--- What you have to do ---
Among the entries below, how many lines contain the string "Load"? Only the number, please.

(Information provided Opens)

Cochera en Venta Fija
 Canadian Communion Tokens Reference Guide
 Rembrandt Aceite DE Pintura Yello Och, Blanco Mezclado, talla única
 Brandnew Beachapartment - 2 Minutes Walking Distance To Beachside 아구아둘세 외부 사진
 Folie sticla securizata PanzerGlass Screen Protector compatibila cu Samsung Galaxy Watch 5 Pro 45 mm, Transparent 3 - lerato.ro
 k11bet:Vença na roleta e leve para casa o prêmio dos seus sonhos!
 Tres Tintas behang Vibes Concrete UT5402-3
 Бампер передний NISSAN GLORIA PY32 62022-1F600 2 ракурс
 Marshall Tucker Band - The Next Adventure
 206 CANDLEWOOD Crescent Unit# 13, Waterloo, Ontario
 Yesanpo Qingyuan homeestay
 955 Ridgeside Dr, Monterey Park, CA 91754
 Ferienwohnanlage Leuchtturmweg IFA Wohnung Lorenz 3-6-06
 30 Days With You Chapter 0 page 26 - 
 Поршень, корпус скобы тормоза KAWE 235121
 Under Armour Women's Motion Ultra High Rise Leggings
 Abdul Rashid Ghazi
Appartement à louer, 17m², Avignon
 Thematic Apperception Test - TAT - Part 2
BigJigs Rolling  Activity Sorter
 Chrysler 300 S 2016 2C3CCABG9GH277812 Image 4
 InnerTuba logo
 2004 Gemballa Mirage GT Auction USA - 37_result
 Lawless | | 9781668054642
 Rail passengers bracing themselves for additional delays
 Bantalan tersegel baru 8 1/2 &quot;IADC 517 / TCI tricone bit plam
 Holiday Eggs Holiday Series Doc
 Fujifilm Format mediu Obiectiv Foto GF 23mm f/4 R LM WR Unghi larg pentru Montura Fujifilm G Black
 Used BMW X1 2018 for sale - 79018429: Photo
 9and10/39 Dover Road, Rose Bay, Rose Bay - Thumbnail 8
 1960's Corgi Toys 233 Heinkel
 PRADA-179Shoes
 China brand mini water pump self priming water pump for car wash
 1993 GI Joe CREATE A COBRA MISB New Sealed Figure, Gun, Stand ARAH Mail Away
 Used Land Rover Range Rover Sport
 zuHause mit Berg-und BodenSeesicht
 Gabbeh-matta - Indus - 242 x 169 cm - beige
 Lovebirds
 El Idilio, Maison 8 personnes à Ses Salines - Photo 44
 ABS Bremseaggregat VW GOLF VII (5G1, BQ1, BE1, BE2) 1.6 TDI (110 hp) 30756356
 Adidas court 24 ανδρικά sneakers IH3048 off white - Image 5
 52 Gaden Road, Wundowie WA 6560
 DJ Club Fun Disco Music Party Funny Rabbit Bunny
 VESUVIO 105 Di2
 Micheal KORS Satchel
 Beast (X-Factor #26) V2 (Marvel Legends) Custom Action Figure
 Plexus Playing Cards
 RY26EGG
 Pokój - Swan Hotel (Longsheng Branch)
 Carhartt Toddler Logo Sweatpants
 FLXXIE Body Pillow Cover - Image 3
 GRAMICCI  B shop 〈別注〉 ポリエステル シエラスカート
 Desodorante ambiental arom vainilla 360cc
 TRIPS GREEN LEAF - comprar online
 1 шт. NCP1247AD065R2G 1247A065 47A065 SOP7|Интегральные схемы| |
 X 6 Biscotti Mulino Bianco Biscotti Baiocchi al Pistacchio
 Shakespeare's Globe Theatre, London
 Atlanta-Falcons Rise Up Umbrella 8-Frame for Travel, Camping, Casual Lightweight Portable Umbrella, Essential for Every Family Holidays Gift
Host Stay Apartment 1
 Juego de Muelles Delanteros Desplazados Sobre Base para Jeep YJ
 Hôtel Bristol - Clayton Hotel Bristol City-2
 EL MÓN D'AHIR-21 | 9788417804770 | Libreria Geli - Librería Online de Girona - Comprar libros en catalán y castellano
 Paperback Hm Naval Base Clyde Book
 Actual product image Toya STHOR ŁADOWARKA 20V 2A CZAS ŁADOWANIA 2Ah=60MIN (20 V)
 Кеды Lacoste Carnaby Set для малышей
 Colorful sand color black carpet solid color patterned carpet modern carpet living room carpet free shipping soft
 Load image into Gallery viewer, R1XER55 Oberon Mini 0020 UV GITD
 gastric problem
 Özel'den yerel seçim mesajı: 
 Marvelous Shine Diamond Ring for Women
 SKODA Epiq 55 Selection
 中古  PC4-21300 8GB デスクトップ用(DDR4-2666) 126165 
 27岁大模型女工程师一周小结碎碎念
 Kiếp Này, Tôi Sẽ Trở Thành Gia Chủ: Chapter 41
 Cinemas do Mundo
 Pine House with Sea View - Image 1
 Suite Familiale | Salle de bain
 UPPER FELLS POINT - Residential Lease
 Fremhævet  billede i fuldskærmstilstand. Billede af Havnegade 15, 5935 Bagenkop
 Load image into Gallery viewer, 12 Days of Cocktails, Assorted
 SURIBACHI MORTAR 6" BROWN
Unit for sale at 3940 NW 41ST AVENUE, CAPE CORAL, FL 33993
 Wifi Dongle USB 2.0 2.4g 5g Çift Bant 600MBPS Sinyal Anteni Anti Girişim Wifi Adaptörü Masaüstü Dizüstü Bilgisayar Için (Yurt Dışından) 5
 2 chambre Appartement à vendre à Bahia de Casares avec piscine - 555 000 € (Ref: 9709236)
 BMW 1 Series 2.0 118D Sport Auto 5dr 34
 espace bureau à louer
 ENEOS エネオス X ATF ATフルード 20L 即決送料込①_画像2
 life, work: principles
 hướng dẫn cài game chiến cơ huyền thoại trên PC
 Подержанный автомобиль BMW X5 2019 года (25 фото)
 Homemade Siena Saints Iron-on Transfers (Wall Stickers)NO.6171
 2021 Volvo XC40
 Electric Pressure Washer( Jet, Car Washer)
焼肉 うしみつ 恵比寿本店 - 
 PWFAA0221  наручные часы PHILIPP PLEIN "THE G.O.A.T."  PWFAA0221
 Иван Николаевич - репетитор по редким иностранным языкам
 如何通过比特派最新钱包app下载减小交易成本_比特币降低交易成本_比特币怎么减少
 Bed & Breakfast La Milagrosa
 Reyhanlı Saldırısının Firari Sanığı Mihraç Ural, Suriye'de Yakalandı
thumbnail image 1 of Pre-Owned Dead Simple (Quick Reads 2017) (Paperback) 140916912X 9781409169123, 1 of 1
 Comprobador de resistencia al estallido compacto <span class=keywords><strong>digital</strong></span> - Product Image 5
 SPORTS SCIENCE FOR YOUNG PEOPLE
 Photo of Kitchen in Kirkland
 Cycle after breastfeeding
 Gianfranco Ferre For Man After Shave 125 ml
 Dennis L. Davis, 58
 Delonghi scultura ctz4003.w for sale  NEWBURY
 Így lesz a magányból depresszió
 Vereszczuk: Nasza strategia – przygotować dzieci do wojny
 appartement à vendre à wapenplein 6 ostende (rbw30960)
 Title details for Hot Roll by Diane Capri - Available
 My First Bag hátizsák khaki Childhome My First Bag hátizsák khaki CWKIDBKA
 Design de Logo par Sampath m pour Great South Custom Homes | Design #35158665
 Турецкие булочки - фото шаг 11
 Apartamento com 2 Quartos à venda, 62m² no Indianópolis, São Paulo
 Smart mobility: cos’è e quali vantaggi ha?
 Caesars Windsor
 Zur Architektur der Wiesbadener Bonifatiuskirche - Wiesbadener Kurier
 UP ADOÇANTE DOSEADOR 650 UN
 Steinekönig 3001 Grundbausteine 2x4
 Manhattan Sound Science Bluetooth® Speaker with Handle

(Information provided Closes)

--- Answer to the exercise ---
2